Welcome to Shift Happens the art, science, and chaos of modern marketing. Each episode unpacks the forces reshaping marketing from AI and data to privacy, creative and performance, and asks experts how they transform disruption into advantage.
Nasser:
In every sport, in every category, in every industry. There’s a LeBron, right? There’s the guy that everybody associates with that sport. And we have the LeBron of location optimization here with us today – Kyle Harris, is our director of local optimization. He helps multi-location brands stay visible where it matters most when customers search nearby. He’s been analyzing how AI is influencing local discovery and which changes are real versus which are just noise. Welcome to the show, Kyle.
Kyle:
Thank you very much. And I also like to consider myself the Michael Jordan of local search, not LeBron.
Nasser:
And what would you say is the difference?
Kyle:
Well, Jordan’s number one and LeBron’s number two.
Nasser:
Yeah, but it’s a different era. You got to think of it that way. It’s a different era. And actually LeBron has far more… listen I’m not going to have this debate with you right now because the fact is I’m trying to make you sound even better than you’re saying that you are.
Kyle:
Fair enough. I’ll take a compliment when I get one.
Nasser:
There you go. So, Kyle, you know, one of the thoughts that’s been bouncing around is that, like, with all the hype about AI changing search, do we still need to invest in listings and reviews and local optimization for physical locations? And that’s what we’re going to be exploring in today’s episode, Local Search, In the age of AI. Smarter strategies for brick and mortar brands. And you know, there’s been a lot of noise about AI. And some executives are asking if you should optimize for ChatGPT or rethink your entire local strategy. From your perspective, what’s the reality of what clients and users are actually experiencing right now?
Kyle:
Yeah. So in local, I think we are a little bit lucky in that you don’t have this massively complicated decision tree of I can only do, you know, one thing or a couple of things, right?I kind of have to choose which baskets to put my eggs in. In local, we are decently lucky at this point where foundationally, the things that you’ve been doing in local are going to be and are right now powering these AI experiences. So investing in listings is something I would have told you to do five years ago, and it remains critically important today. Investing in reviews and ratings and making sure that, you know, the sentiment related to your brand is, you know, on point again, five years ago is something I’m pushing.

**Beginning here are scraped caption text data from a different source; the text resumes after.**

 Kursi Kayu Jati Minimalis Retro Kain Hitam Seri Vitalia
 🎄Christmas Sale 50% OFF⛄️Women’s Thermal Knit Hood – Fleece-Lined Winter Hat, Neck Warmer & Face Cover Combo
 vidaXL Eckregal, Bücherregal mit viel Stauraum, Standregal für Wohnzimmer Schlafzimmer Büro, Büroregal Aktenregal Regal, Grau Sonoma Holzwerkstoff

I am tripling down on it. I think it’s more important than ever. But in terms of net new tactics, of what I have to do to get in and break into all of these things, we’re talking about it, you know, 2 to 4 degree pivot and or expansion, not necessarily brand new practices, brand new teams, brand new disciplines. We are really lucky in that the foundation in what you’re doing to be successful in AI is very similar to what most successful multi-location location brands should have really been doing for the last couple of years, for sure.
Nasser:
So where are you starting to see, AI actually have an impact on local discovery?
Kyle:
Yeah, so this is really interesting. Depending upon your category, we’re seeing this impact kind of play out a little bit differently.But AI is essentially the world’s greatest recommendation machine. And if getting a recommendation about where to essentially get a service done and or where to, you know, buy a product or what product actually, you know, fits your needs the most, we’re seeing a lot of that discovery actually happen on these AI platforms. Whether it be AI mode or through an AI overview or directly in these LLMs, we are seeing that there is a decent amount of traffic that is happening directly there, going through that flow to get a recommendation.

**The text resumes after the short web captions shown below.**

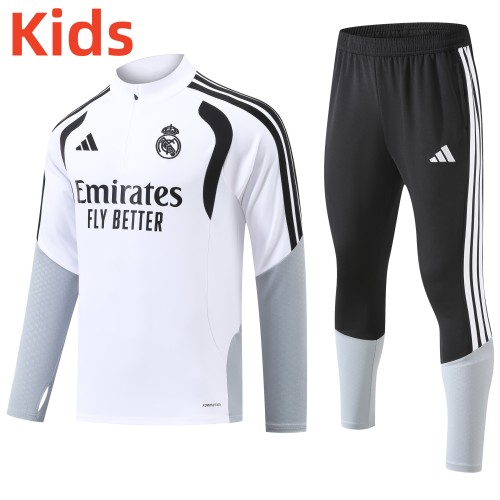 26-27Real Madrid High Quality Kids Half Pull Tracksuit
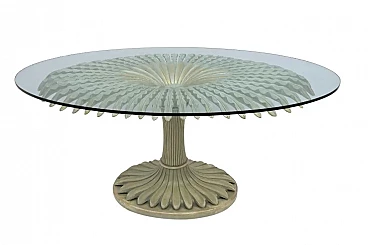 Tavolo da pranzo a palmette attr. Pierluigi Colli, anni '70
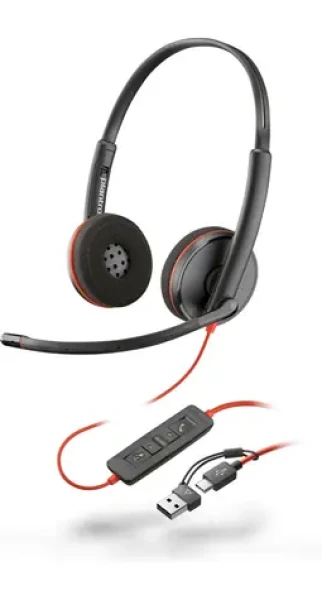 Poly Blackwire 3220 čierna / Náhlavná súprava / mikrofón / dve slúchadlá / USB-C/A (8X2J9A6)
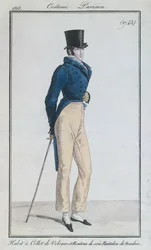 Garnitur męski z aksamitnym kołnierzem, jedwabnymi guzikami i spodniami nankeen, 1816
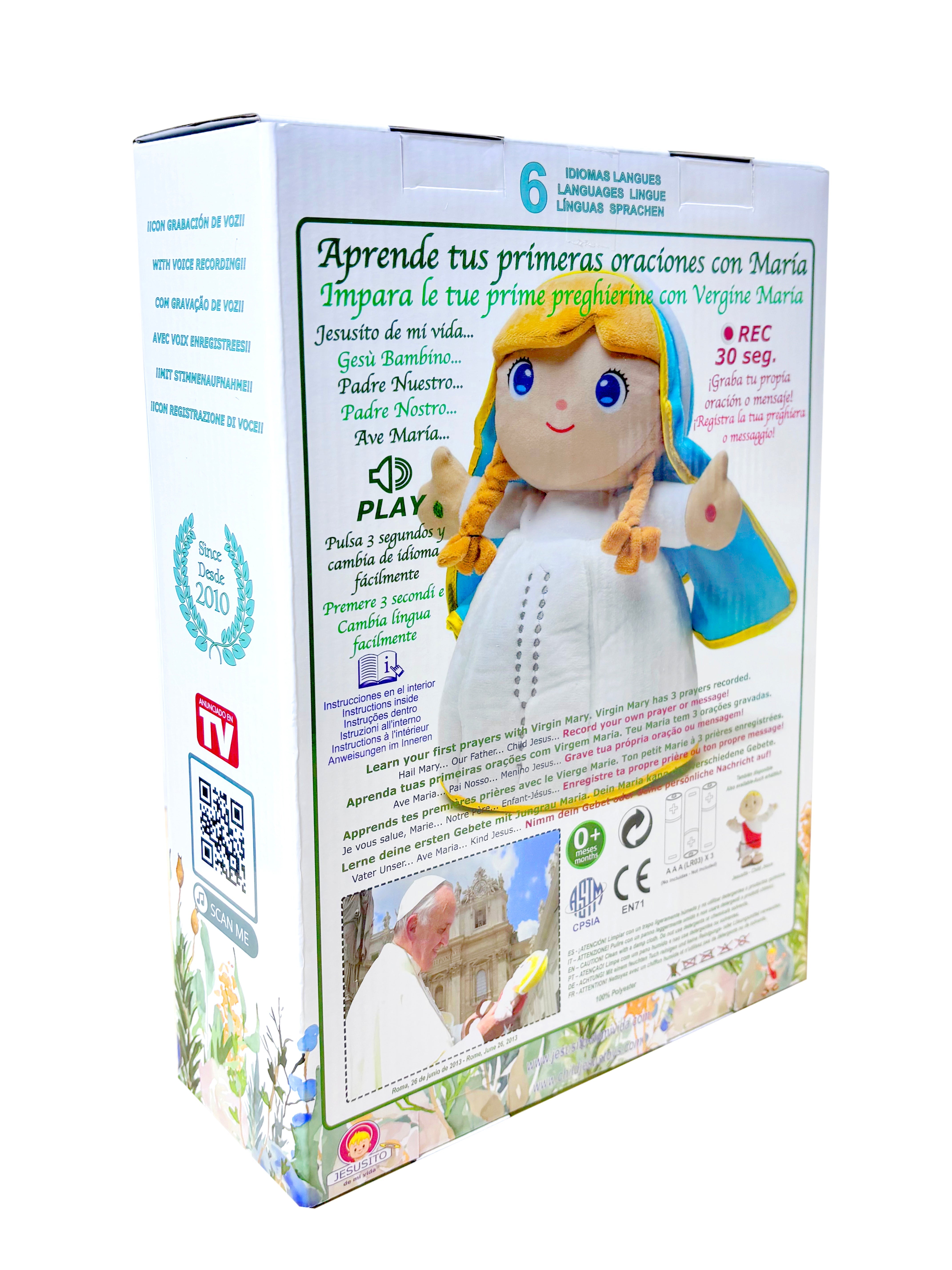 Virgin Mary Plush 12" Prayers 6 languages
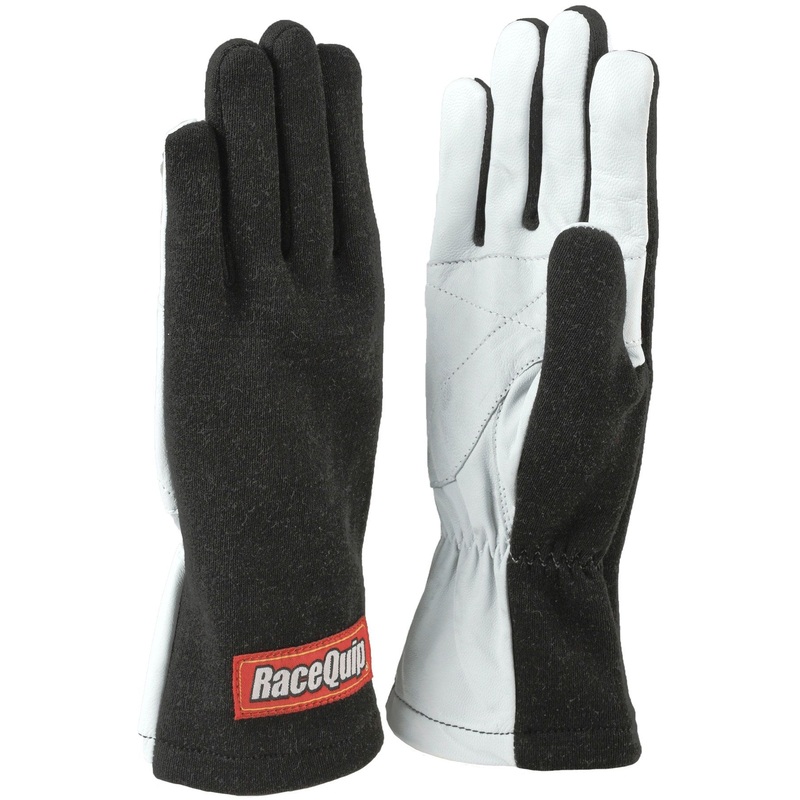 Racequip 350 Series Single Layer Nomex Basic Racing Gloves, Black (RQ350003RQP)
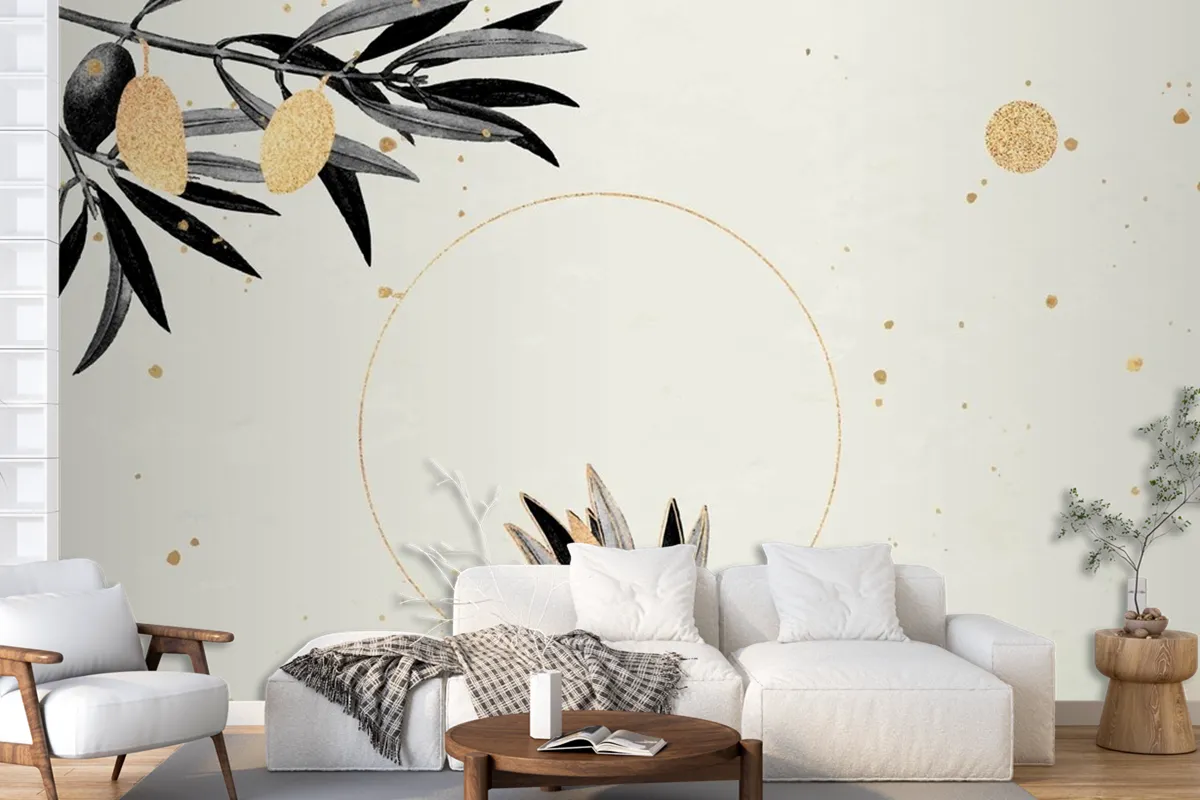 Round Gold Frame With Olive Branches Wallpaper Mural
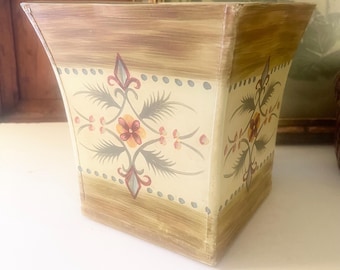 Vintage Toleware Cachepot, Hollywood Regency Planter, Chinoiserie Chic,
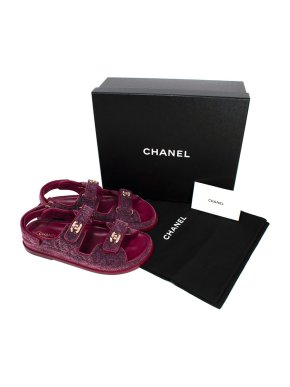 Chanel Burgundy Quilted Velvet Dad Sandals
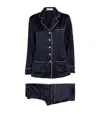 Olivia Von Halle Silk Coco Pyjama Set In Navy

But then, at the end of that flow, oddly enough, a lot of the times people are jumping back into Google to get reviews on a location or reviews on a product, or to actually find out of a store is open, or if it actually has that, you know, product in inventory live. So we’re seeing a really nice blend of a lot of this top funnel discovery happening in these LLM platforms, and then still the last mile execution happening almost exclusively on Google.
Nasser:
So as we see a collapse or a compression of the customer journey, essentially, down to a couple of steps where AI is an assistant is helping you explore and engage and do all of these things. And then when people are ready, which is happening much faster, if I understand you right? That’s when they’re turning to the local experiences. And that’s where it needs to be really closely aligned with, with everything else that’s being done.
Kyle:
Correct. It’s really interesting. And again, like, you know, looking into the future, I think that last you know, my whole experience in these LLMs is going to get, you know, a lot better. It’s, to be honest, not perfect today, right? Like, it can hallucinate a little bit and there’s no robust data set. You know, that all of these LLMs have they’re kind of borrowing local information from Apple and Yelp and Google and all these other places. Which is why that, you know, like, hey, how do I get to a place is still very much happening on these navigation apps that, you know, that top of the funnel piece is really exploded.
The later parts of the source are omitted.